Fulbert de Beina construisit un château-fort à l'endroit précis où fut découvert un nid d'aigle (ou d'un quelconque oiseau de proie). A l'époque, il fallait de hautes murailles pour se protéger.
Il y avait 6 portes permettant l'entrée dans la forteresse :
- la porte Bécane
- la porte d'Ivry (devenue Porte Givry)
- la porte du Pont de la Barre
- la porte du Pont de la Pierre
- la porte Rabel
- la porte Saint-Jean
La première forteresse se trouvait entre l'équerre formée par les extrémités des rues Saint-Jean, du Pont du Moulin, Saint-Barthélémy et un fossé se trouvant au bas des jardins du château.
La deuxième enceinte partait du prolongement de ce fossé, passait par le haut de la rue Saint-Jean, la porte Givry, allait à l'ancien marché aux bestiaux, passait par la porte Rabel, la porte Bécane et atteignait la rivière au bas de la côte du Chesnay. On pouvait interdire à l'ennemi tout accès de ce côté en inondant la prairie située entre la côte du Chesnay et la rue des Tanneurs.
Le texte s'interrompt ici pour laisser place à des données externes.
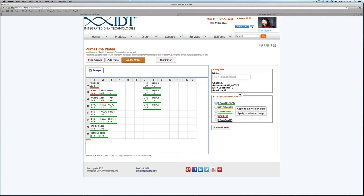If I wanted to change all of the dyes on these at the same time, I can select them, choose a dye, and click Apply to Selected Range.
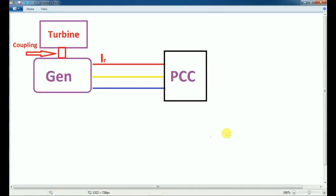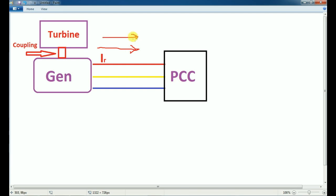So, what is reverse power? Now, what is the reverse power?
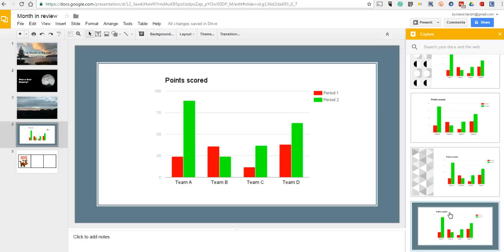That's the new Explore feature that is built into Google Slides. For more tips and tricks like this, please check out FreeTechForTeachers.com.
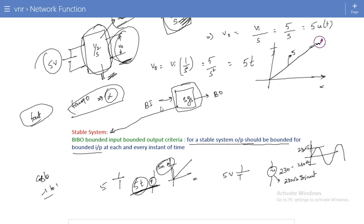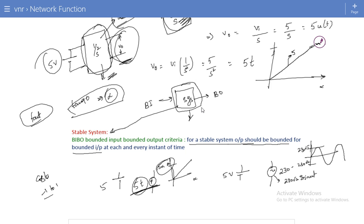For every bounded input signal, if the system produces a bounded output, then the system is known as a stable system. How the stability of the system is linked with our network functions — that is what we are going to discuss in this lecture. The relation between system stability and the network function will be explored next.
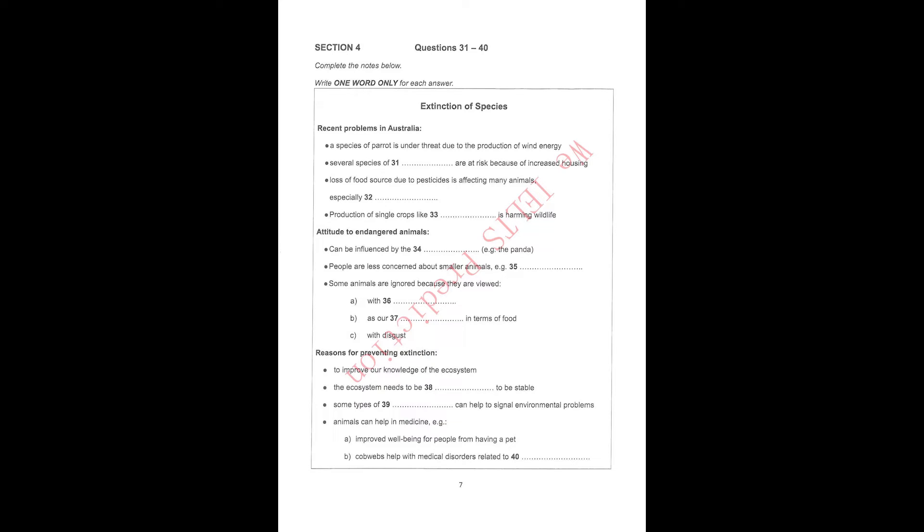Now listen carefully and answer questions 31 to 40. Good afternoon. From my work as curator at the Brisbane Zoo, it is becoming increasingly obvious to me that the animal world is a highly endangered one. It sometimes seems as though a new species is added to the endangered list every day, and a great deal of this is due to human activity.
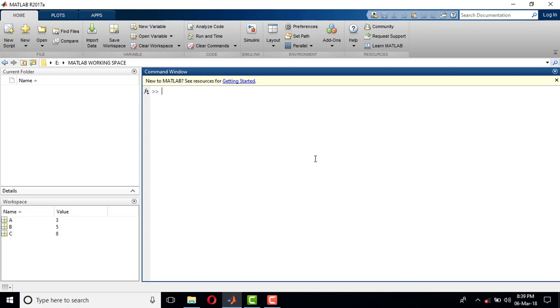I already have those variables here with me. If I press A, it shows me 3. If I press B, it shows 5. If I press C, it shows 8. But the thing is, we have...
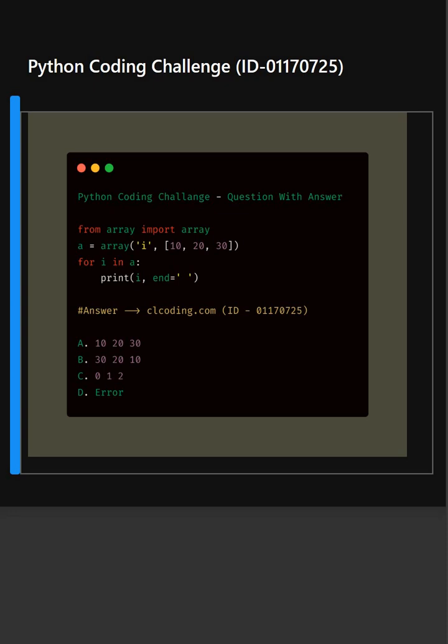So here in this code, the code is creating an integer array using Python's built-in array module, and then iterating over the array and printing each element on the same line separated by spaces.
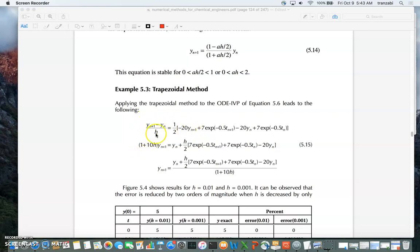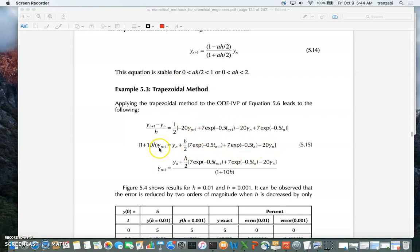Multiplying through by h and grouping the y_(n+1) terms: you get one from one side and one half times h times 20, which is minus 10h, moved to the left, giving (1 + 10h) times y_(n+1). All remaining terms on the right side involve y_n, t_n, or t_(n+1), which are all known — t values are always known at any index.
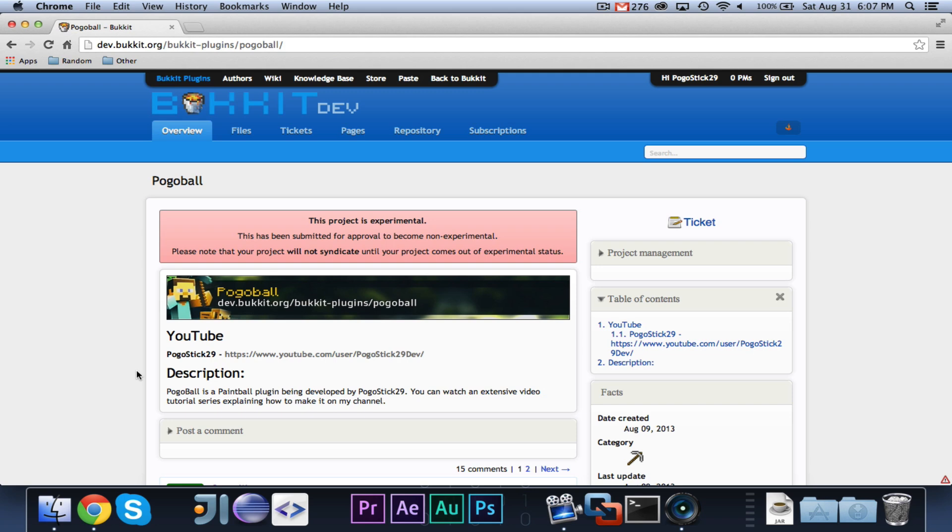I also added a reload command to set up all the arenas by running a command. So, I did a bunch of stuff, and that code will be available in the description. So, you can download the code, which should work pretty well.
La place du Marché aux Chevaux était aménagée en réservoir. Celui-ci était alimenté par des rigoles venant des terrains supérieurs. Un canal de dérivation de la Rille fut creusé. Il passait à l'intérieur de la ville, permettait de fournir l'eau en cas de siège, constituait un moyen de défense et faisait tourner un moulin à farine.
Les maisons situées rue Saint-Jean ont des caves qui datent de l'époque féodale.
La porte Rabel fut détruite en 1819.